*** Data segment Section Begins ***
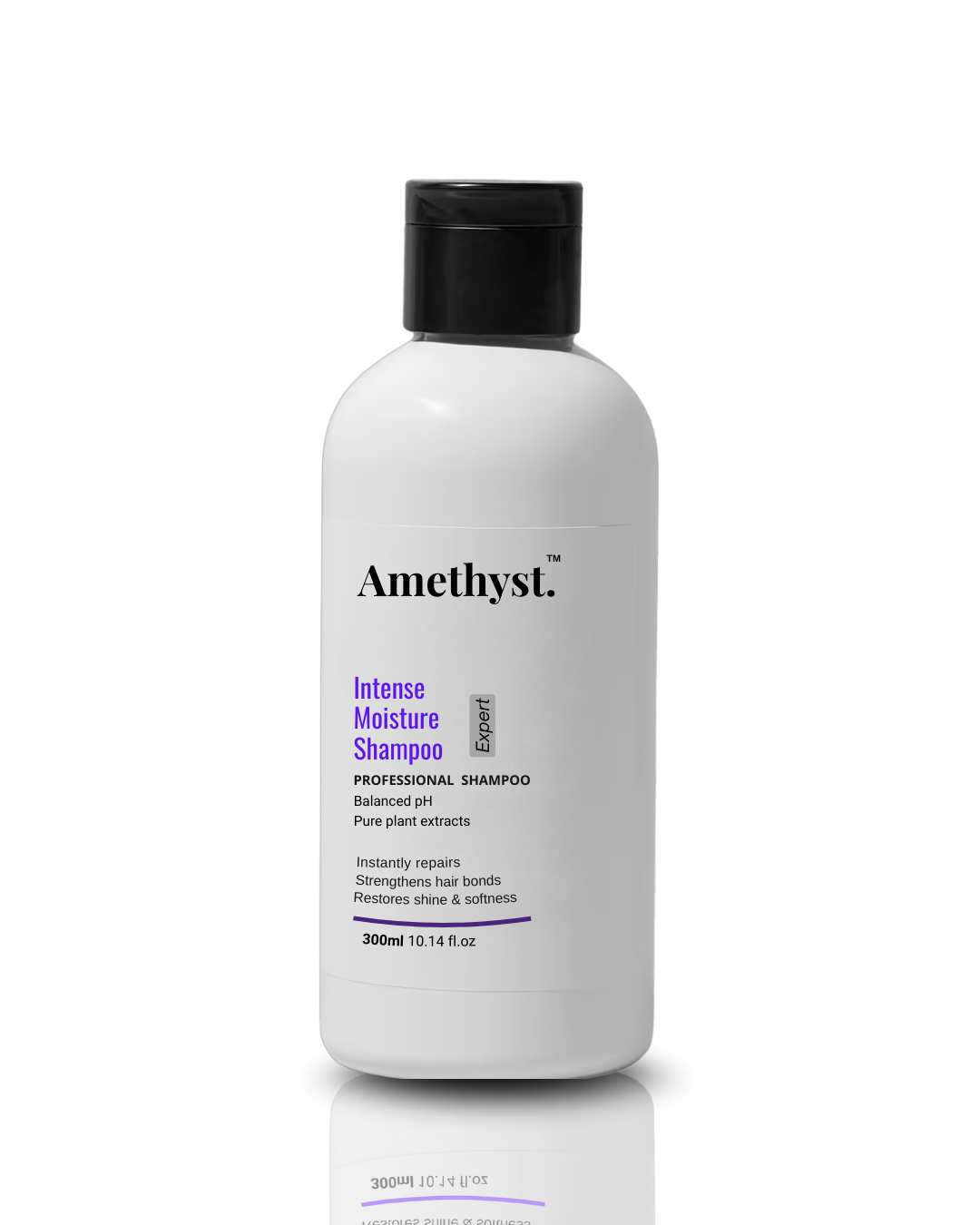 Amethyst Intense Moisture Shampoo - Hydrating & Nourishing Formula for Soft , Smooth Hair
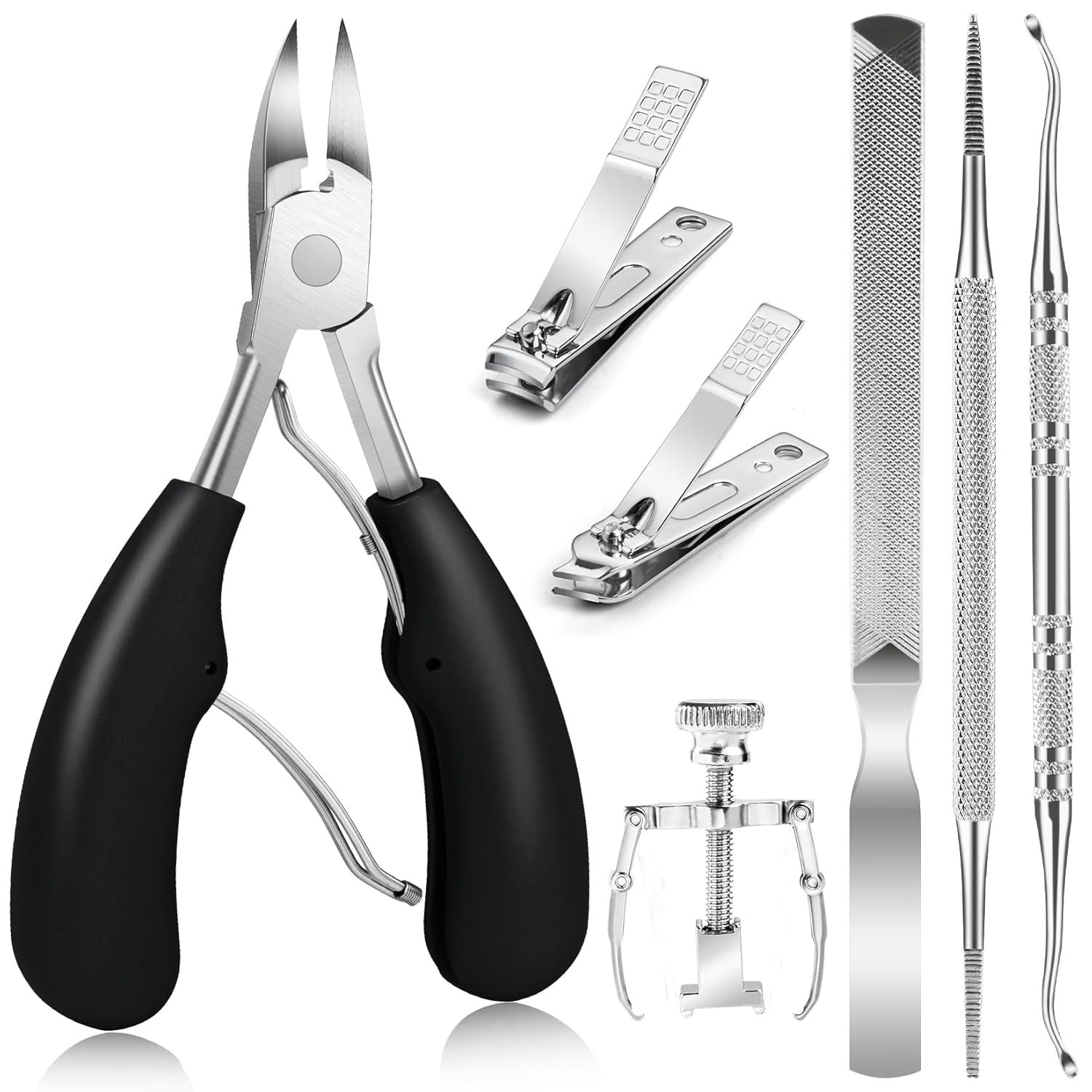 Estuche de herramientas para las uñas enterradas 12 piezas PEDICURA PROFESIONAL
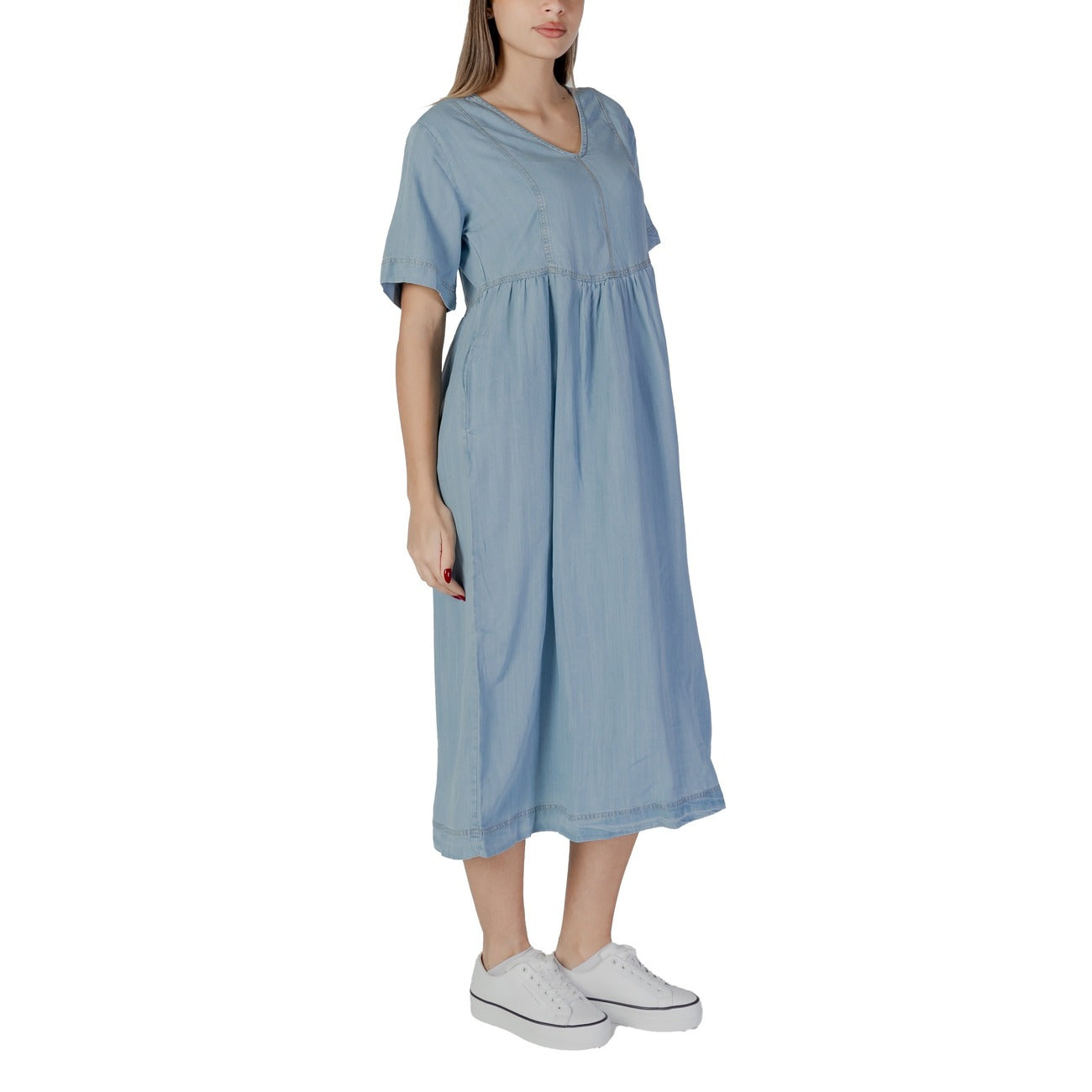 B.young Kleid Damen Hellblau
*** Data segment Section Ends ***
# Aim of the task
Starting at the line that holds "Estuche de herramientas", retype every line through the end of the data, both ends included. Pictures stay out of the copy.

# Expected answer
 Estuche de herramientas para las uñas enterradas 12 piezas PEDICURA PROFESIONAL
 B.young Kleid Damen Hellblau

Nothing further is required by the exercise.